**What you have to do**
Using the material that follows, output exactly the lines from the one containing "Van Life T-Shirt" through the one containing "Deluxe Triple room with balcony", with both ends kept.

**Material to process**
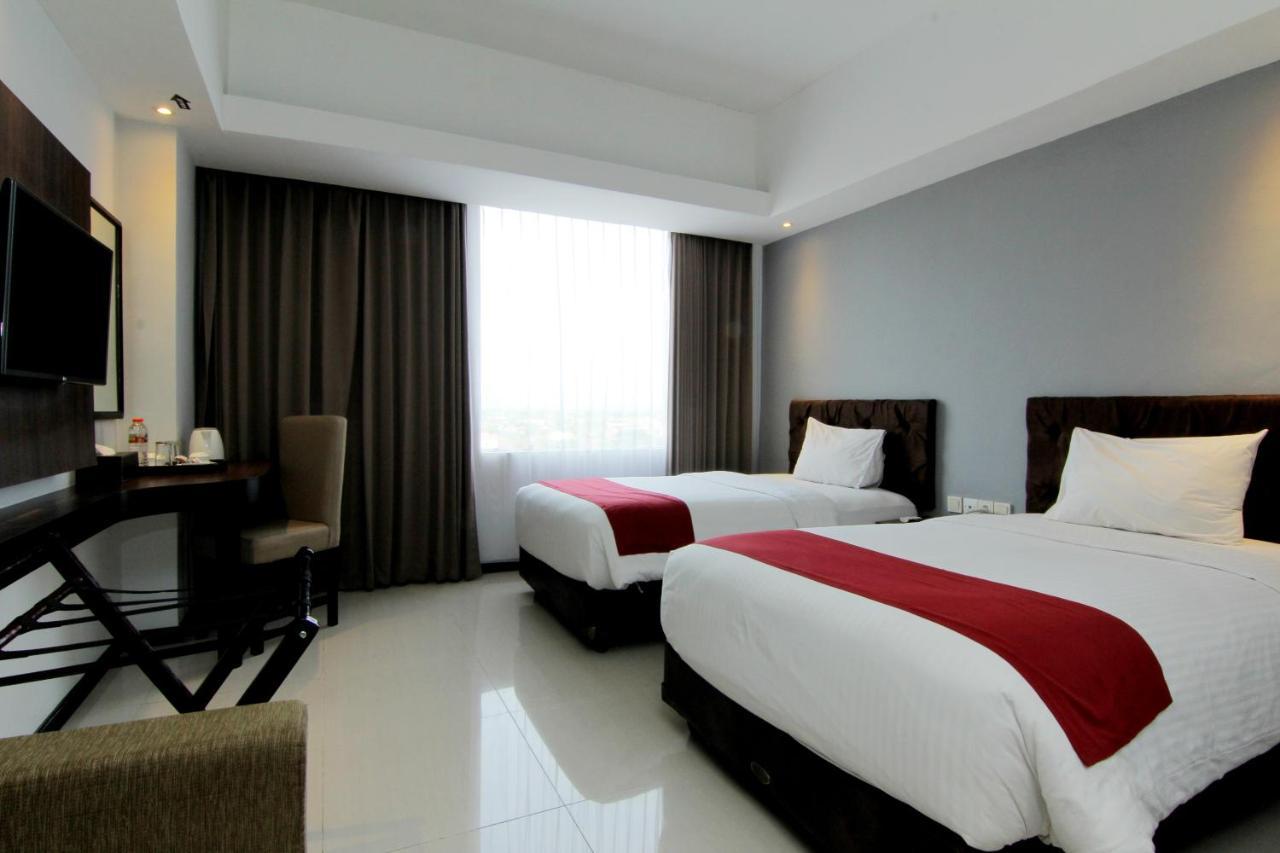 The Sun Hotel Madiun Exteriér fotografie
---
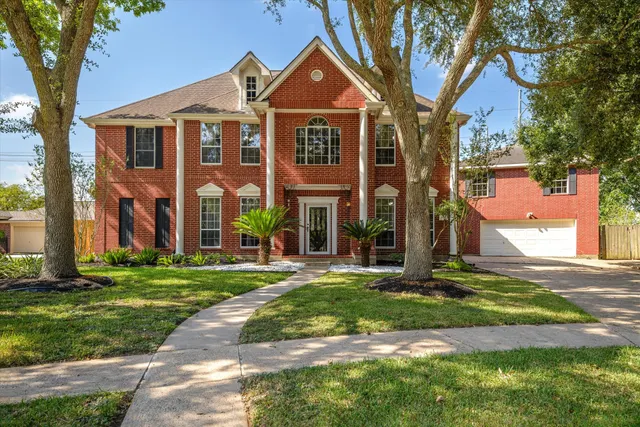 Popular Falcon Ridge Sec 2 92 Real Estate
...
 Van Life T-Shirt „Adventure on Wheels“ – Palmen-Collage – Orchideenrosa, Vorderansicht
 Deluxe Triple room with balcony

**Answer to the problem**
 Van Life T-Shirt „Adventure on Wheels“ – Palmen-Collage – Orchideenrosa, Vorderansicht
 Deluxe Triple room with balcony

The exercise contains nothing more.